#### Task goal
Nothing outside the range is to be copied. From the entries below, reproduce exactly the lines starting at the one with "Day, People, Natural" and ending at the one with "AppXynn 5-Piece V", without pictures.

#### Provided entries
*** Begin section ***

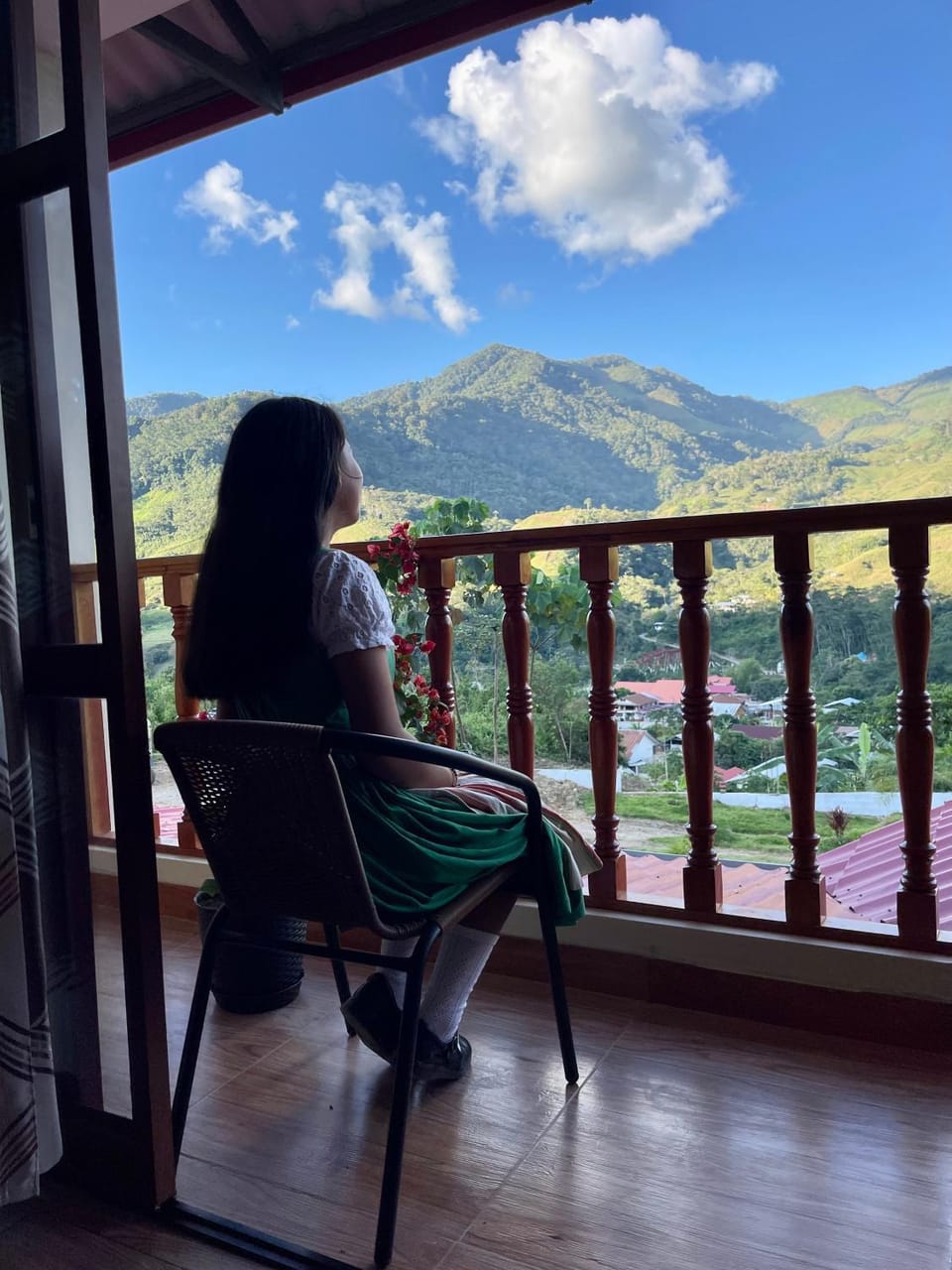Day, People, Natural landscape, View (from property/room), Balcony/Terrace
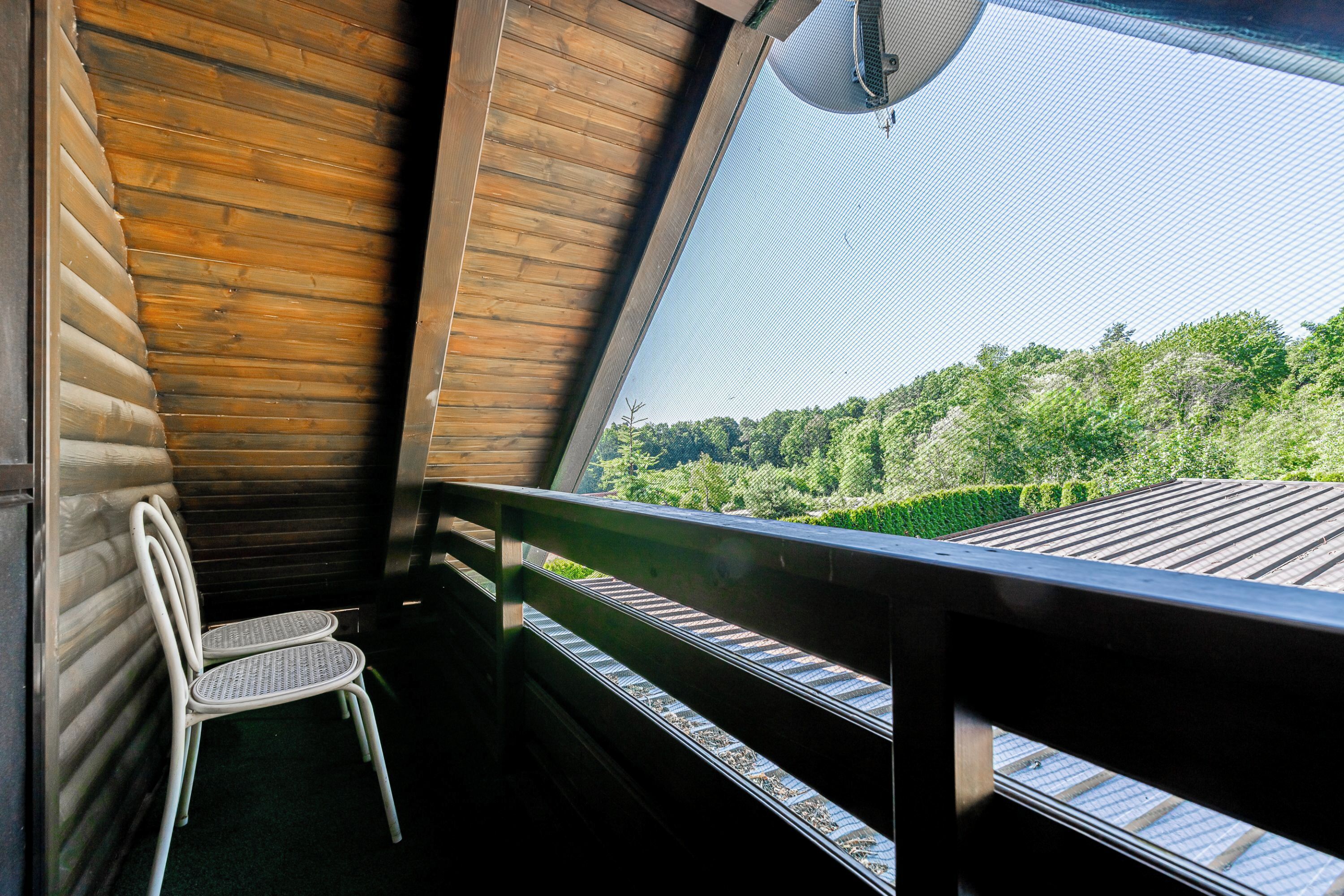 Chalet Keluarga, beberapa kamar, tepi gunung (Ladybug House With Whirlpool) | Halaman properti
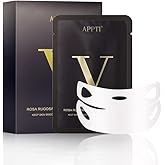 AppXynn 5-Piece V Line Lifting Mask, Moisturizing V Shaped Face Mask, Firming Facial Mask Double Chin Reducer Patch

*** End section ***
*** Begin section ***

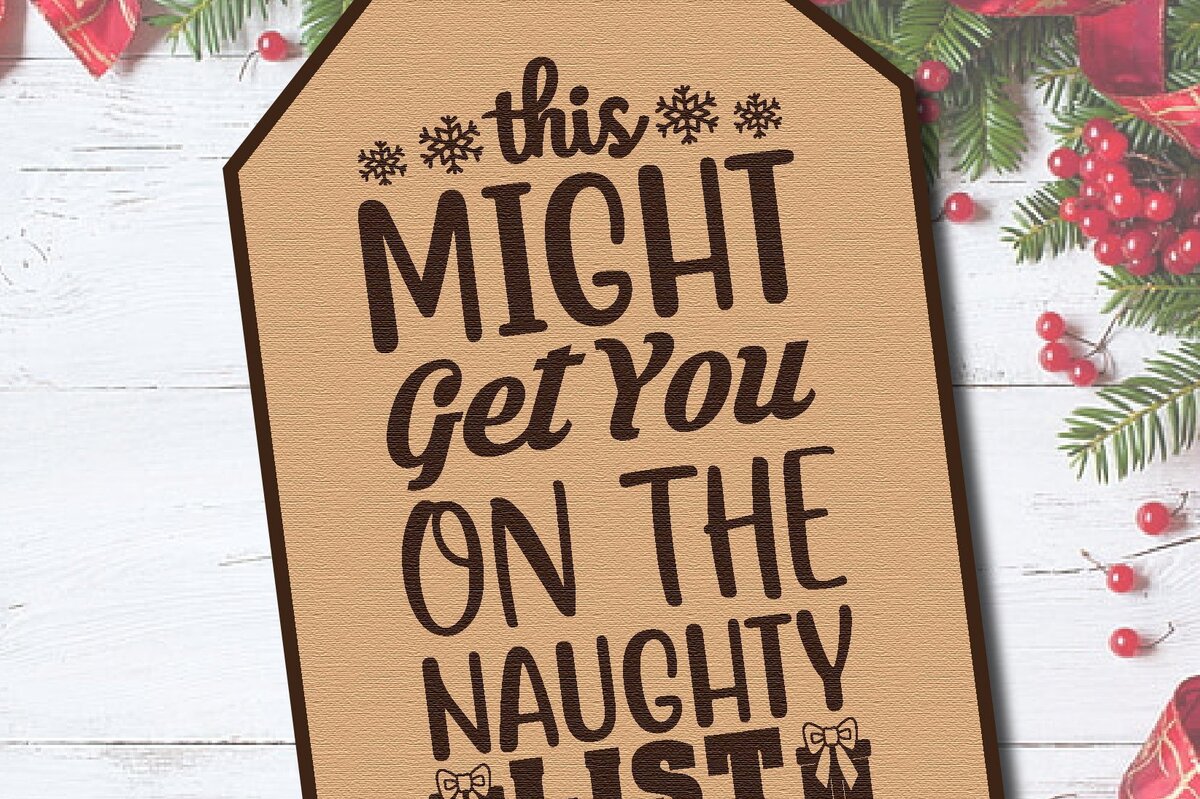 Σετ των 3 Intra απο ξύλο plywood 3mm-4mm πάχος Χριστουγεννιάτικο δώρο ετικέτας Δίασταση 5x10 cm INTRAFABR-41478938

*** End section ***
*** Begin section ***

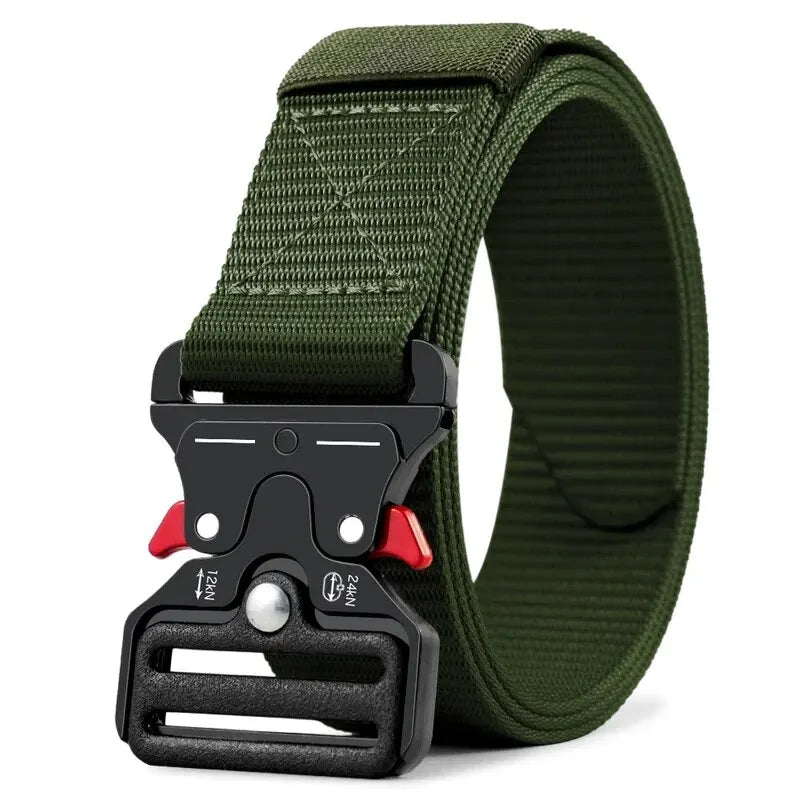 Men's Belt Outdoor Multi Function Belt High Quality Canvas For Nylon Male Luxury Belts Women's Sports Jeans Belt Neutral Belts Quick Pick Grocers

*** End section ***

#### Task answer
Day, People, Natural landscape, View (from property/room), Balcony/Terrace
 Chalet Keluarga, beberapa kamar, tepi gunung (Ladybug House With Whirlpool) | Halaman properti
 AppXynn 5-Piece V Line Lifting Mask, Moisturizing V Shaped Face Mask, Firming Facial Mask Double Chin Reducer Patch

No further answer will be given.